Se si trattasse del materiale di cui parlano i libri di Merceologia — il prodotto di fusione di calcare, soda, sabbia, feldspato — per rifusione non sarebbe difficile ottenere altro vetro. Ma il vetro, per soddisfare presunte domande dei consumatori, è addizionato con altri sali, con altri agenti, con coloranti, eccetera, variabili da fabbricante a fabbricante, il che rende sempre più difficile il riciclo: dal riciclo del vetro colorato si ottiene vetro colorato più scuro, di più scadente qualità e accettabilità merceologica, tanto che i rottami di vetro di diversi colori hanno un diversi valore commerciale. Il vetro dei tubi fluorescenti e dei video televisivi è contaminato da agenti tossici ed è difficilmente lavabile e ricuperabile, eccetera.

L’ideale sarebbe che venissero raccolte, separatamente, le bottiglie di vetro bianche, quelle verdi, quelle marroni, eccetera. Se avessimo un “diavoletto di Maxwell” (simile a quello suggerito per l’energia) capace di separare ogni particella di vetro di ciascun colore, potremmo ricuperare (e riutilizzare) il 100 % degli imballaggi di vetro. Non solo tale “diavoletto di Maxwell” delle merci non esiste, ma i produttori di ogni merce si affannano a modificare, a fini commerciali, le materie prime originali quanto più possibile con sostanze contaminanti, il che rende ancora più difficile il loro riutilizzo.
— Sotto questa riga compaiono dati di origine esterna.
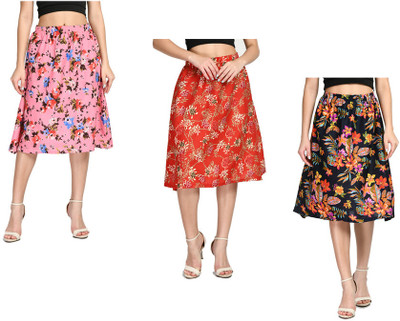 KAVYA Floral Print Women Regular Multicolor Skirt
Il grande economista americano Georgescu-Roegen aveva ben parlato di un “quarto principio” della termodinamica che spiega come anche la materia si degrada da un passaggio all’altro, dalla natura, ai fabbricanti, ai consumatori, il che ne rende sempre più difficile il recupero in forma di nuovo utilizzabile, per cui la massa di vetro riutilizzabile è inevitabilmente inferiore a quella del vetro immesso in commercio.